Parmi les différentes significations que revêt le terme "zarabia"
(tapis), d'origine arabe, on retiendra plus particulièrement celle de
"parterre fleuri" ou encore de "ce qui est tendu au sol et sur lequel on
prend appui". La forme berbérisée est "tazerbyt".
Au Maroc, on emploie également le mot "qtifa", de même origine, qui désigne
le tapis à haute laine tissé généralement dans les régions de haute altitude
chez les Marmoucha et les Aït Ouaouzguite.
Au XVIème siècle, Jean Léon
l’Africain (Al-Hasan ibn Muhammed) précisait que le tapis faisait partie du
trousseau de la mariée de Fès: "On donne encore un tapis à laine longue
d’une vingtaine de coudées et trois couvertures dont une face est un
drap...". Les tapis étaient également vendus aux enchères à Fès et exportés,
notamment vers l’Afrique Noire.
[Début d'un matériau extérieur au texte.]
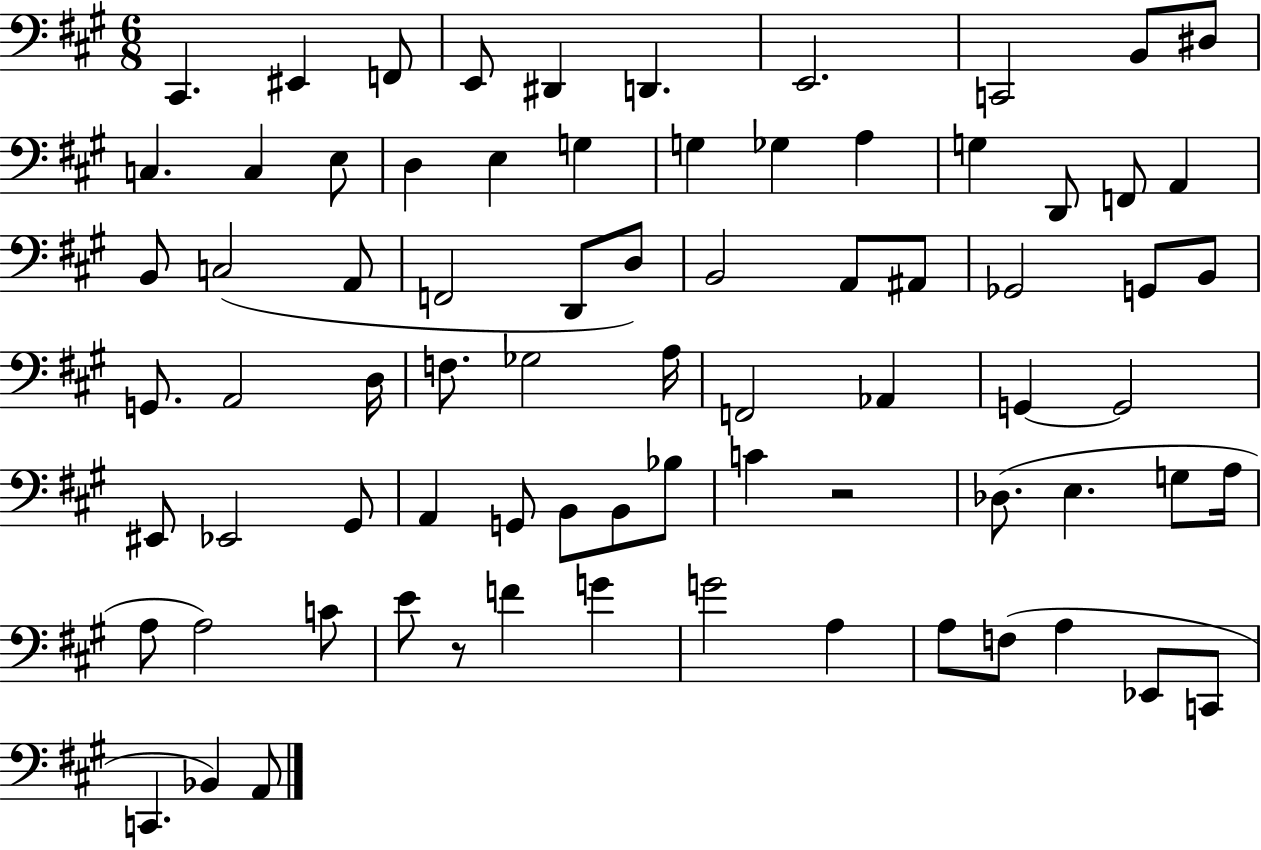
X:1
T:Untitled
M:6/8
L:1/4
K:A
^C,, ^E,, F,,/2 E,,/2 ^D,, D,, E,,2 C,,2 B,,/2 ^D,/2 C, C, E,/2 D, E, G, G, _G, A, G, D,,/2 F,,/2 A,, B,,/2 C,2 A,,/2 F,,2 D,,/2 D,/2 B,,2 A,,/2 ^A,,/2 _G,,2 G,,/2 B,,/2 G,,/2 A,,2 D,/4 F,/2 _G,2 A,/4 F,,2 _A,, G,, G,,2 ^E,,/2 _E,,2 ^G,,/2 A,, G,,/2 B,,/2 B,,/2 _B,/2 C z2 _D,/2 E, G,/2 A,/4 A,/2 A,2 C/2 E/2 z/2 F G G2 A, A,/2 F,/2 A, _E,,/2 C,,/2 C,, _B,, A,,/2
Ils étaient renommés pour leur finesse dans
les majestueuses qoubba («coupole» en arabe), centres d'ablutions pour les
croyants se rendant à la mosquée.
Le tapis est un cadeau de choix et
au XIXème siècle, le tapis marocain était l’un des produits les plus
exportés vers l’Europe. On le retrouvait très présent en France lors des
expositions universelles de 1867, 1878 et 1889. A la fin du XIXème siècle et
au début du XXème, le tissage du tapis était une activité très présente dans
presque toutes les villes marocaines.
Œuvres d'art originales
datant du 17ème siècle:
Tribu Beni M'guild
(Moyen-Atlas central)
Tribu Aït
Ouaouzguit (Haut-Atlas)
Tribu
des Ouled bou sba (haouz de Marrakech)
Tribu Marmoucha (Moyen-Atlas)
Au Maroc, les plus anciens tapis
conservés remontent au XVIIIème siècle: celui de Chiadma, par exemple, est
daté avec exactitude (1202h/1787J.C.).
Tapis de la tribu des
Chiadma (région d'Essaouira)
Au XXème siècle, l’industrie du
tapis se transforme avec l’intervention du Service des Arts indigènes et la
rédaction d’un répertoire incomplet mais précieux. Les spécimens anciens se
trouvent encore dans certains musées marocains (le Musée des Oudayas à
Rabat, Dar Batha à Fès, Dar Si Saïd à Marrakech).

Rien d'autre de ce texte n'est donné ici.